ADM Fargo: I think the first focus is developing the coordination to make this operation as efficient as possible. That's what you're seeing General Blackman do right now. He has built the Combined Support Force. We have representatives from a great number of the nations right now that are part of this effort. In addition the leading NGOs and international organizations are also conducting coordination with General Blackman both forward in Utapao, Thailand and in the respective countries like Indonesia and Thailand. So I think that's the most important effort right now. We have the capacity in theater. We're developing the coordination to make sure that it is focused specifically on the highest priority tasks.

Question: Sir, in terms of challenges, what do you foresee as the biggest challenges ahead for PACOM forces out there today?

ADM Fargo: I think we've already talked about coordination which I think is very important.
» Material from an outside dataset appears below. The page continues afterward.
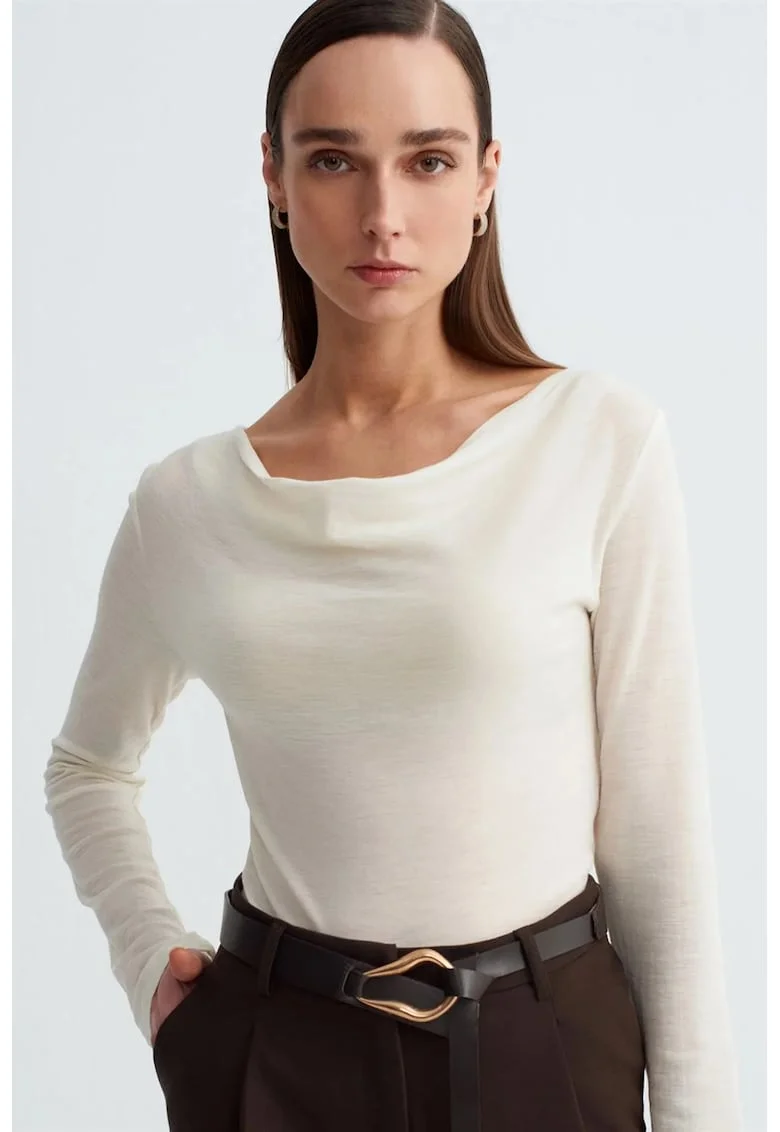 Bluza dama,  bluza din lana tricotata, guler tip fular, ivory natural, casual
Really, I think they have all the skill sets necessary to make an impact. This is a little bit different than what we normally train for in some respects. But you know, we conduct an exercise Cobra Gold every year in Thailand where we build a joint task force, something similar to what General Blackman is running right now. An awful lot of the skill sets that are exercised in Cobra Gold, and certainly the relationships that are developed in Cobra Gold are being utilized today.

Question: Can you give us your assessment of the insurgencies in the region, how that might affect relief efforts?

ADM Fargo: Right now I don't think the insurgencies are having any impact on the relief effort. It's something we watch very carefully, of course, the GAM in Indonesia and the LTTE in Sri Lanka. These are primarily responsibilities of the host nation and the host nation is working them. Hopefully this will be an opportunity to help resolve those insurgencies in a positive way.

Any other questions?

All right. Thank you all very much.

(END)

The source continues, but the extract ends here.